When used inside `MetricsWithCalibration`, `TopClassLoss` will choose the top-class 
based on $f(X)$ instead of $g(f(X))$ so the loss difference uses the same choice of top class for both terms.

## Contributors
- David Holzmüller
- Eugène Berta
- Sacha Braun

## Releases

- v1.3.0 by [@eugeneberta](https://github.com/eugeneberta):
  - Splitted calibrators.py into several subfiles and implemented many new calibrators,
  most of which are benchmarked and ranked in the CalArena leaderboard.
  Among others, added Binary histogram binning, Scaling-binning (from
  uncertainty-calibration), BBQ (from netcal), Beta calibration (from betacal), ENIR
  (from netcal), binary and multiclass Kernel calibration (using beta and dirichlet
  kernels from ece_kde), Spline calibration (from splinecalib), CDF-Spline calibration,
  Ensemble Temperature Scaling, tree based calibration with CatBoost, LightGBM and
  XGBoost.  
  - Re-structured the base `Calibrator` class to differentiate
  `_predict_proba_torch_impl` from `_predict_proba_impl`.
  - Added Kuiper and Kolmogorov-Smirnov binary calibration metrics.
  - Deprecated python 3.9, added python 3.13 and 3.14 support.
- v1.2.0 by [@elsacho](https://github.com/elsacho): Added new proper loss functions:
  - ProperLpLoss(p=p): Metrics to evaluate $E[ \Vert f(X) - E[Y|f(X)] \Vert_p ]$ where
    $f(X)$ are the predictions of the classifier, $p >= 1$, including `p=float("inf")`
  - TopClassLoss: A wrapper to variationally evaluate top-class errors.
  - OverConfidenceLoss & UnderConfidenceLoss: Wrappers to variationally evaluate 
    over/under-confidence in binary predictors.
  - MetricsWithCalibration can now handle arbitrary classifiers and Lp-type losses.

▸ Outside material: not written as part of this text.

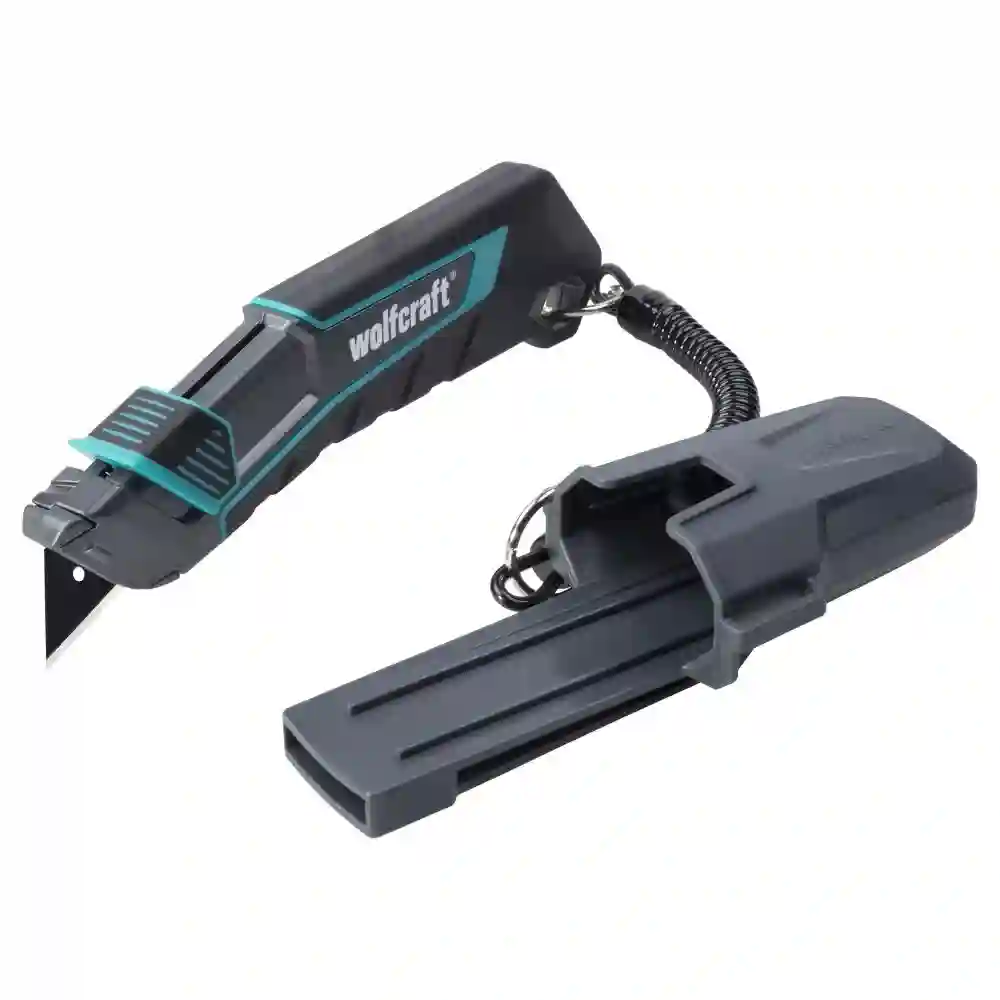 Cúter de cuchilla trapezoidal PRO SAFETY con estuche Wolfcraft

  - New classifiers:  Added `WS_CatboostClassifier` and `WS_LGBMClassifier` for 
    evaluating calibration errors.
  - removed sklearn < 1.7 constraint.
- v1.1.0 by [@eugeneberta](https://github.com/eugeneberta): Improvements to the SVS and
  SMS calibrators:
  - logit pre-processing with `'ts-mix'` is now automatic, 
    and the global scaling parameter $\alpha$ is fixed to 1. This yields:
    - improved performance on our tabular and computer vision benchmarks 
      (see the arxiv v2 of the SMS paper, coming soon).
    - faster convergence.
    - ability to compute the duality gap in closed form for stopping SAGA solvers, 
      which we implement in this version.
  - improved L-BFGS solvers, much faster than in the previous version. 

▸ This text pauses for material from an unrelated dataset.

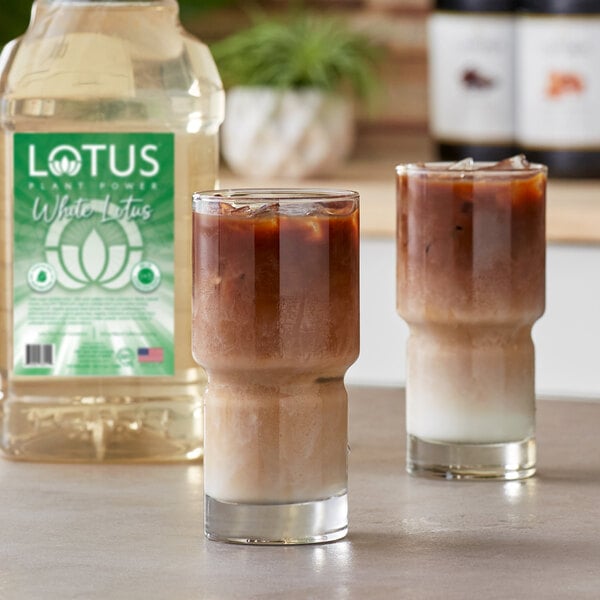 Two iced layered drinks in clear glasses are placed on a countertop, with a large bottle labeled 'Lotus Plant Power White Lotus' in the background.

    Now used in SVS and SMS by default.
  - the default binary calibrator in `LogisticCalibrator` is now quadratic scaling 
    instead of affine scaling, this can be changed back by using 
    `LogisticCalibrator(binary_type='affine')`.
- v1.0.0 by [@eugeneberta](https://github.com/eugeneberta): New post-hoc calibrators
  like `'logistic'` including structured matrix scaling (SMS), structured vector scaling
  (SVS), affine scaling, and quadratic scaling.

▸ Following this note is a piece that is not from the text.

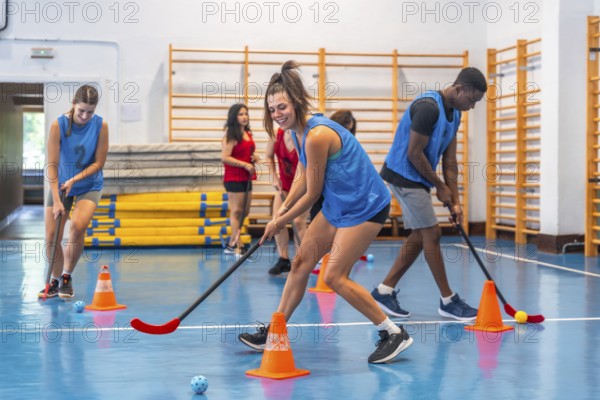 Female and male athletes wearing blue t shirts are practicing floorball, dribbling with sticks around orange cones in a gym with a blue floor and yellow equipment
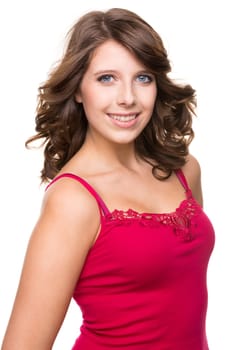 Young and smiling girl against white background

- v0.0.2 by [@dholzmueller](https://github.com/dholzmueller):
  - Removed numpy<2.0 constraint
  - allow 1D vectors in CategoricalLogits / CategoricalProbs
  - add TorchCal temperature scaling
  - minor fixes in AutoGluon temperature scaling 
    that shouldn't affect the performance in practice
- v0.0.1 by [@dholzmueller](https://github.com/dholzmueller):
  Initial release with classification metrics, 
  calibration/refinement metrics, and some post-hoc calibration methods.